The following is a list of ten non-fiction and eight fiction books that feature Berkeley prominently. Of course it is not exhaustive, and we include links at the bottom to other lists of books about Berkeley. (We welcome your additional suggestions in the Comments.) Thanks to history professor and author Charles Wollenberg, and the staffs of the Berkeley Public Library and California magazine for their suggestions. These are ordered by publication date.

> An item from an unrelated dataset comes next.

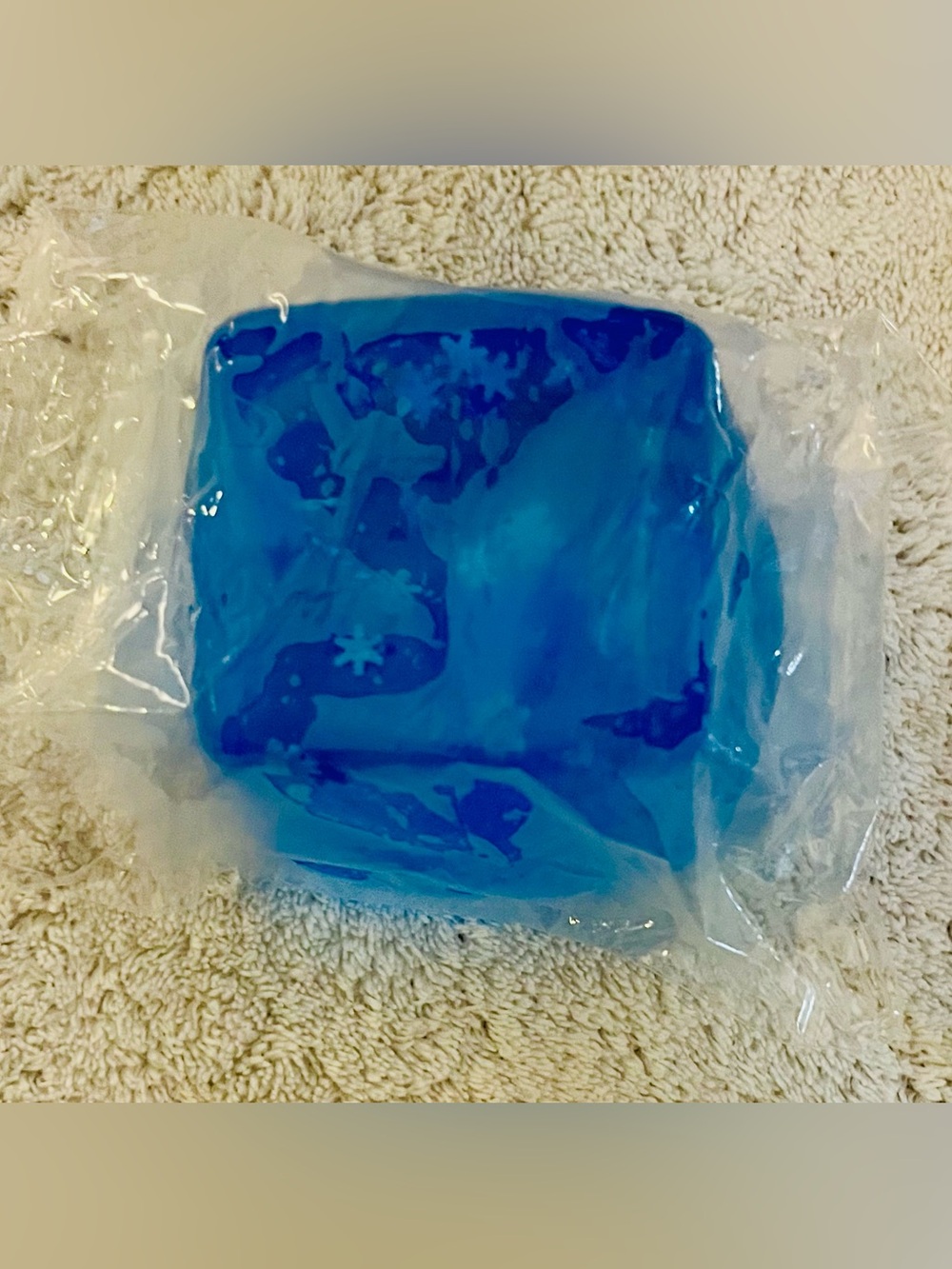 Blue Sugar Cube Squishy With Snowflakes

Berkeley books: Nonfiction

Crime Fighter: August Vollmer (1961) by A. E. Parker. August Vollmer was Berkeley’s first police chief (1909) and is widely credited with modernizing American policing. He introduced a host of inventions and firsts, such as putting officers on motorcycles and then in patrol cars, setting up a police radio system, insisting on a systematic collection of evidence, and using lie detectors. He also was the first to require that officers had college degrees. Sadly, there are no great, readable, new biographies on Vollmer, in part, perhaps, because Vollmer, suffering from Parkinson’s, burned all his personal letters before he committed suicide in 1959 (The Bancroft Library has many of his professional papers). Crime Fighter: August Vollmer is one of the few books that examines the arc of Vollmer’s life.

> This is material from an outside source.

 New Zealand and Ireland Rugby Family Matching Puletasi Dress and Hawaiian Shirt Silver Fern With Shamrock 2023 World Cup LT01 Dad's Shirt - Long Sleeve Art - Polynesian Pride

Nuel Phar Davis’s Lawrence and Oppenheimer (1968). This is a dual biography of two UC Berkeley professors who explored the secrets of atomic energy. Ernest O. Lawrence won the Nobel Prize in 1939 for inventing the cyclotron. The Lawrence Berkeley Lab, Lawrence Livermore Lab, and the Lawrence Hall of Science are all named after him, a nod to his achievements in science. J. Robert Oppenheimer was a theoretical physicist who headed up the development of the atomic bomb at Los Alamos. The men were friends, but ended up as bitter enemies as they approached the question of how best to harness and use atomic energy. Lawrence and Oppenheimer is a study of the men’s friendship, years at Berkeley, and the reasons for their falling out. Another book on this subject, published in 2003, is Brotherhood of the Bomb: The Tangled Lives and Loyalties of Robert Oppenheimer, Ernest Lawrence, and Edward Teller by Gregg Herken.

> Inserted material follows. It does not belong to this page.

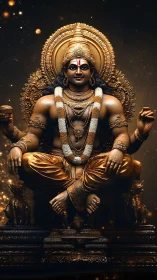 Golden deity in radiant stillness, crowned by celestial glow.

Yoshiko Uchida’s Desert Exile: The Uprooting of a Japanese-American Family (1982). Berkeley had a thriving Japanese-American community before World War II. It was almost completely uprooted when the U.S. government decided those of Japanese descent were potential enemies and ordered them interned in bleak camps around the west. Uchida’s parents had emigrated from Japan in the early part of the 20th century and established a new home in Berkeley. Uchida was a senior at UC Berkeley when her family was sent first to a camp at the the Tanforan Race Track and then to one in Topaz, Utah. Uchida taught English at the detention centers but was allowed to leave in 1943 to attend graduate school at Smith College. She published her memoir about her experience, Desert Exile, in 1982, one of 30 adult and children’s books she penned. It was a landmark book and sold widely.

Shallow Grave in Trinity County by Harry Farrell (1997). Stephanie Bryan, 14, was heading home from Willard Middle School in 1955 when she was abducted from the set of steps behind the Claremont Hotel. A man named Burton Abbot was arrested and convicted, mostly on circumstantial evidence, of the crime and was put to death at San Quentin in 1957. Stephanie’s abduction shocked the Bay Area, and when a reporter from the San Francisco Examiner, and not the police, discovered her body in a shallow grave in Trinity County the country became riveted. Farrell, a reporter for the San Jose Mercury News, recreates the crime and the innocence of Berkeley at that time.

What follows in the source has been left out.